The measurements of the frequency-comparison ratios were so sensitive that the scientists needed to account for the usually negligible effects of general relativity on the atomic clocks, which they did by surveying the area to know the altitudes of their equipment.

Hume said, "General relativity tells us that time moves slower in a deeper gravitational potential, so if you take two clocks that are perfectly identical in every way and you move one up a few centimeters, then it will be ticking faster by a very, very small amount — a few parts in a billion billion."

The atomic-clock researchers also harnessed the unprecedented precision to narrow the search for dark matter, an unidentified form of matter that nevertheless imposes significant gravitational effects on the cosmological scale. The frequency-ratio measurements were used to put the tightest-yet constraints on the possible masses dark matter can be — specifically on ultralight dark matter, one theoretical form of it that would be incredibly small and low-energy.
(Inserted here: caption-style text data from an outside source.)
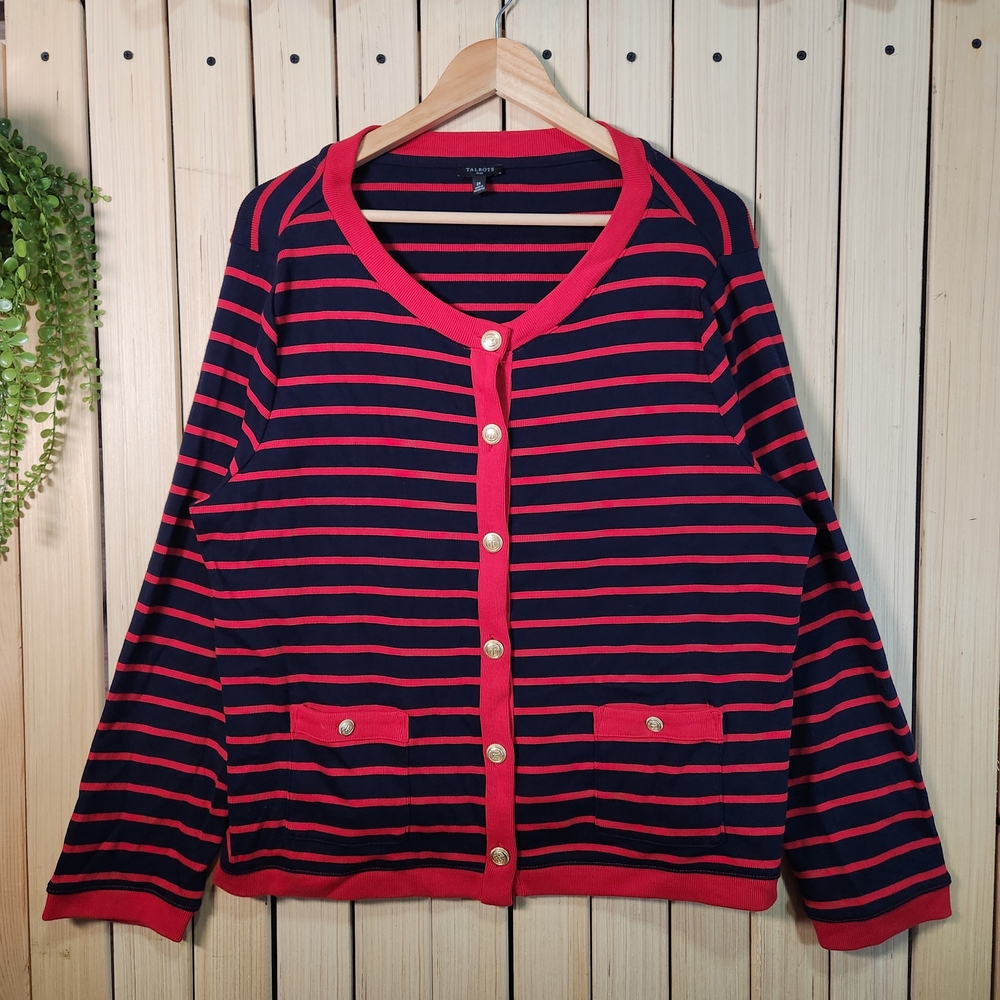 Talbots Cardigan, Patch Pocket, Delfina Stripe Red and Black Size 2XL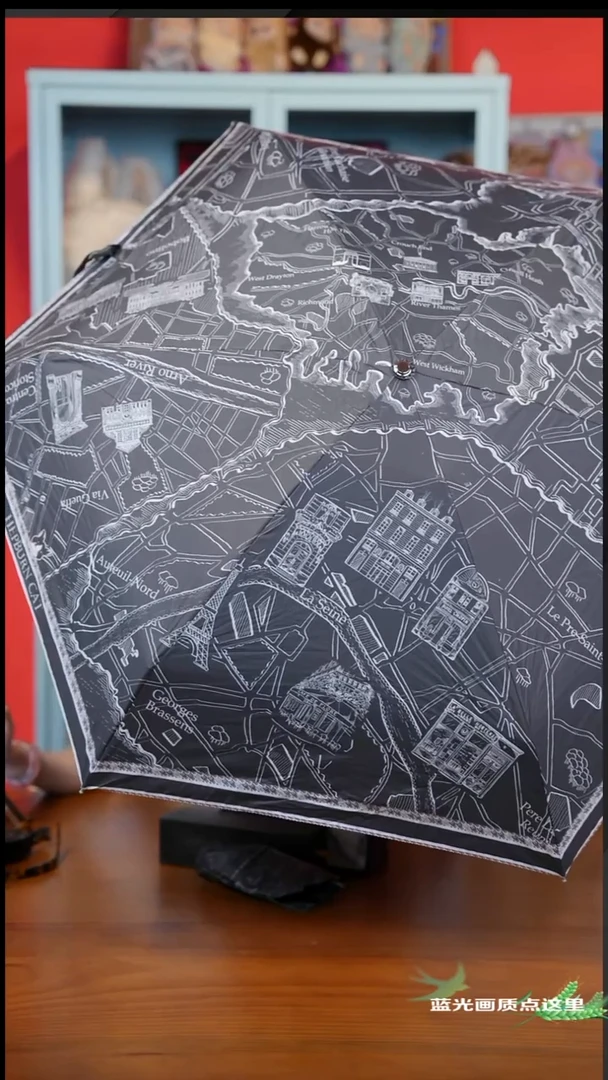 137 Hepburn Cat 赫本猫 环球旅行地图五折黑胶伞"-黑色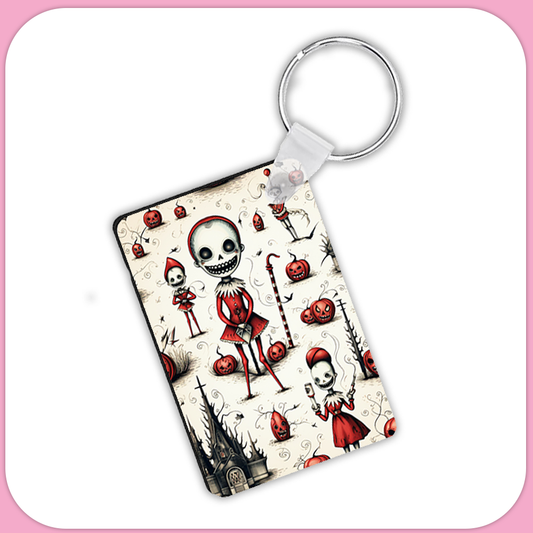 Christmas Ghouls Rectangular Sublimation MDF Keychain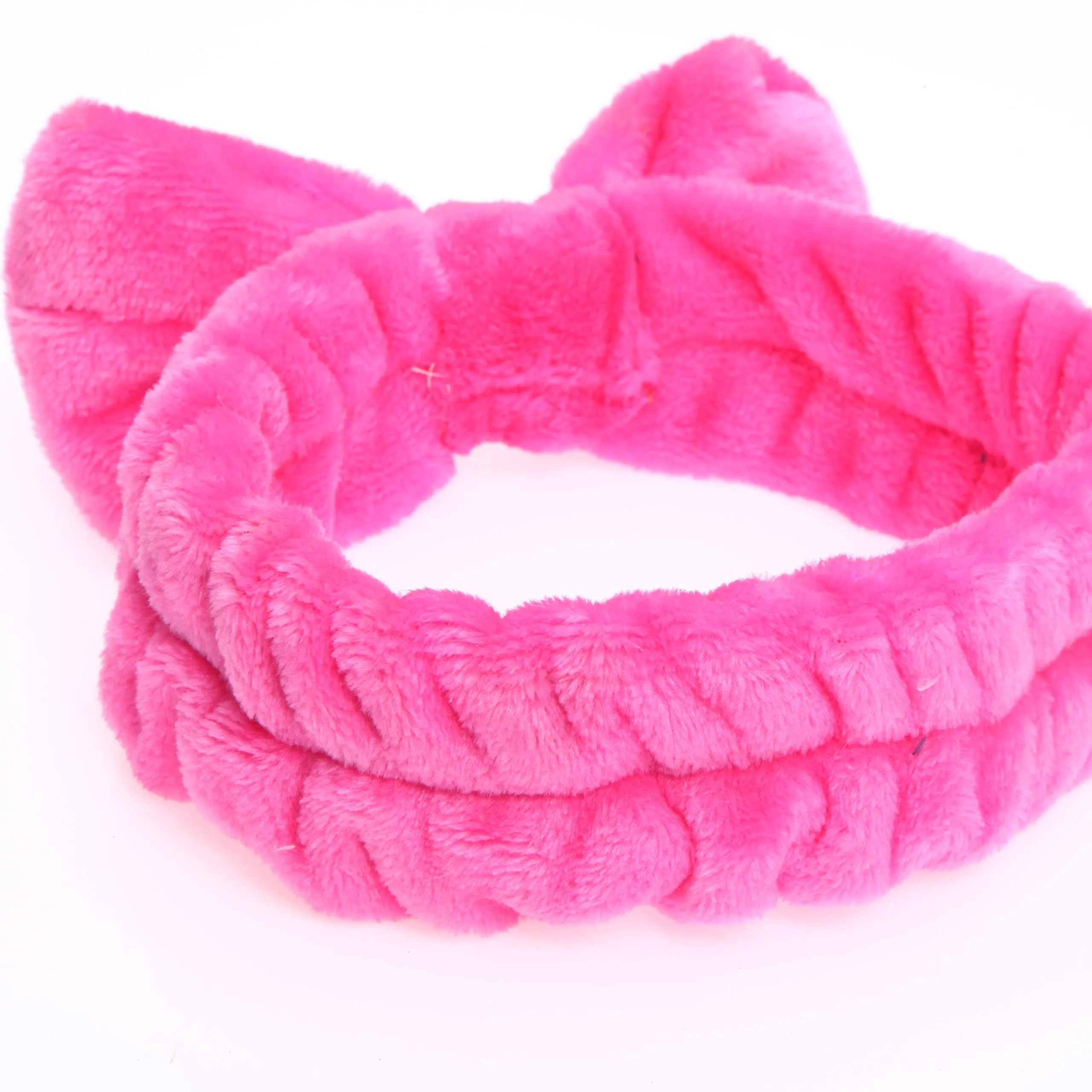 366DAYS Womens Bow Hairband,Coral Fleece Makeup Headband,Elastic Hair Band Hairlace Headband For Washing Face Shower Spa (Rose Red)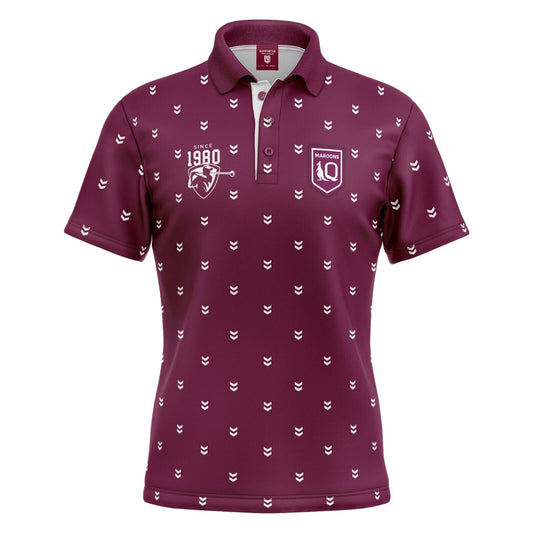 NRL 'Mulligan' Golf Polo - Queensland Maroons - Adult - Mens - Polo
The dark-matter application is one example of how atomic clocks can be used as a tool in physics research, which also includes testing whether fundamental constants really are constant and measuring differences in Earth's shape and gravity in different parts of the world.

The study used data that was collected between 2017 and 2018, and Hume said he looks forward to using the additional research that has been conducted since then to make even more precise measurements. Kennedy wants to see their work reproduced by other groups, which would generate greater confidence in the results and speed up the redefining process for the second.

"Reproducibility of these ratios is really the key aspect standing in the way between actually redefining the second in terms of an optical standard," Kennedy said. "We really need to see the same number measured by different labs using different approaches all over the world."

The study, "Frequency ratio measurements at 18-digit accuracy using an optical clock network," published March 23 in Nature, was authored by Kyle Beloy, Martha Bodine, Samuel Brewer, Jwo-Sy Chen, Scott Diddams, Robert Fasano, Tara Fortier, Youssef Hassan, David Hume, Isaac Khader, Amanda Koepke, David Leibrandt, Holly Leopardi, Andrew Ludlow, William McGrew, Nathan Newbury, Daniele Nicolodi, Thomas Parker, Stefania Romisch, Stefan Schäffer, Jeffrey Sherman, Laura Sinclair, William Swann, Jian Yao and Xiaogang Zhang, National Institute of Standards and Technology; Jean-Daniel Deschênes, Consultation OctoSig; Tobias Bothwell, Sarah Bromley, Dhruv Kedar, William Milner, John Robinson and Lindsay Sonderhouse, University of Colorado; and Colin Kennedy, Eric Oelker and Jun Ye, National Institute of Standards and Technology and University of Colorado.